I went to Random.org to pick my next show and ended up with Neighbours.  I thought, what the heck. Maybe it's back on Hulu. I Googled. And from Google, it looked like Hulu had Neighbours. But then I went to the link, and it was a dead end.

20. Tried again with Random.org

My next thing to watch is the movie Infini.

It's a science fiction thing. I hope it's good.

I'll probably start watching that on Tuesday.

21. Saw that Luke Hemsworth is in Infini.

I don't really recognize any of the other actors.

22. Started watching an episode of Farscape.

23. Saw that Alexandra Fowler, from Neighbours, lends her voice to this episode.

That might be fun.

24. Felt anxious while watching reunion between Aeryn (Claudia Black) and the not-dead Crichton (Ben Browder).

It's just so weird.

Aeryn has lost the love of her life. Yet another version of him is still alive and still in love with her.

25. Thought that the episode had a very powerful ending.

26. Thought more about Jacob Belim.

A lot of children die tragically. Some have died today.

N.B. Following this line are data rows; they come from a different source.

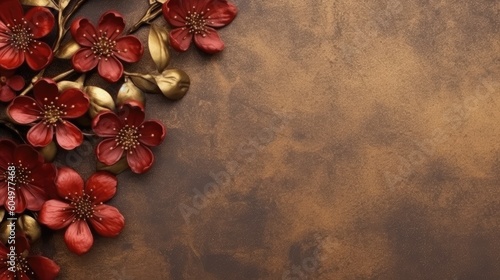 A Background with Flowers of Fire Garnet Blooms and Bronze Accents - Flowers in the Style of Fire Garnet and Bronze Accents with empty copy space - Wallpaper created with Generative AI Technology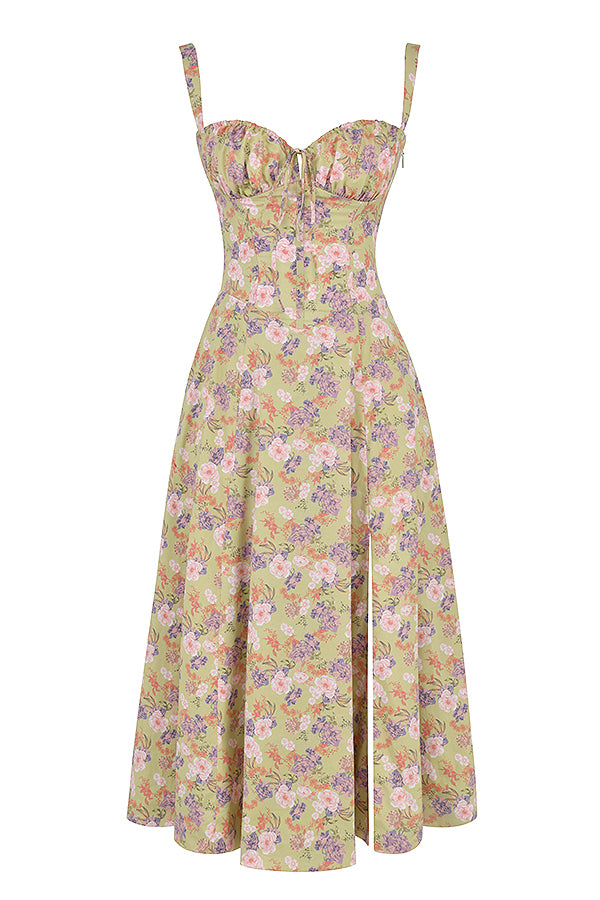 Kwiatowa sukienka bustier z formowaniem w talii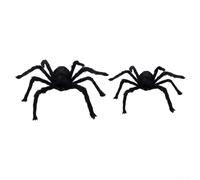 JGmotorfi Halloween Spider Set With Two Large Spiders And Bendable Legs For Dynamic Indoor And Outdoor Displays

We live in an unfair world.

But for some reasons, certain deaths, in the news, effect us more. They make us more angry or more sad.

More afraid.

I think I've had a mistrust of doctors for several years now, and the whole Sam Nassar thing feeds into that.

27. Thought about how I don't think Sam Nassar should have a doctor job anymore.

But if he does...If he's the one working at Kid's Care in Bankstown, I hope he's a changed man.

I hope he's sorry for what happened.

I hope he's made changes to his bedside manner.  I hope what the Kids Care website says is true—that the relationship between parent and doctor is now important to Nassar.  I hope he listens to parents and takes their concerns seriously.

28. Decided maybe I usually do believe in second chances.

But only when it's deserved.

29. Hoped that if Sam Nassar has gotten a second chance, he deserves it.